§ **WORK INSTRUCTION**: Can you print the data exactly and leave out each image?

DATA BELOW Start Marker

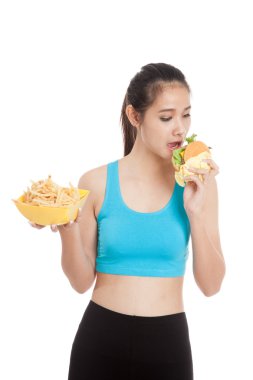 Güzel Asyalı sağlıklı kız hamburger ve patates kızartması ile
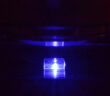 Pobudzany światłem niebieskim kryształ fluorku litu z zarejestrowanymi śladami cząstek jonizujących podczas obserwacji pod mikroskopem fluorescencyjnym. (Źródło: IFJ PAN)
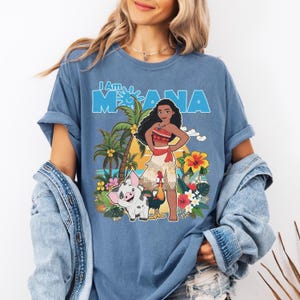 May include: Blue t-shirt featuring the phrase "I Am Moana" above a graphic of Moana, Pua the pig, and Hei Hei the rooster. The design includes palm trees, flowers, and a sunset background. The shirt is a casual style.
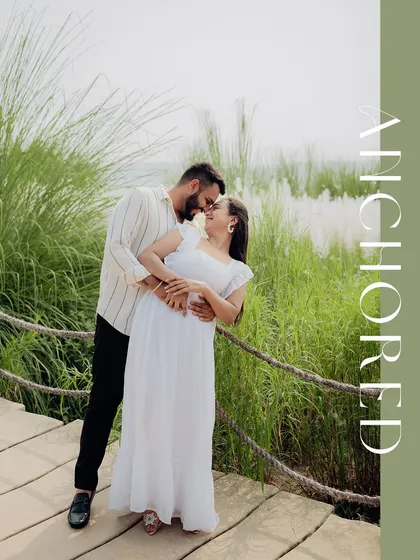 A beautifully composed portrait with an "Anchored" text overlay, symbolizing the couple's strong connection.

DATA BELOW End Marker

§ **RESPONSE**:
 Güzel Asyalı sağlıklı kız hamburger ve patates kızartması ile
 Pobudzany światłem niebieskim kryształ fluorku litu z zarejestrowanymi śladami cząstek jonizujących podczas obserwacji pod mikroskopem fluorescencyjnym. (Źródło: IFJ PAN)
 May include: Blue t-shirt featuring the phrase "I Am Moana" above a graphic of Moana, Pua the pig, and Hei Hei the rooster. The design includes palm trees, flowers, and a sunset background. The shirt is a casual style.
 A beautifully composed portrait with an "Anchored" text overlay, symbolizing the couple's strong connection.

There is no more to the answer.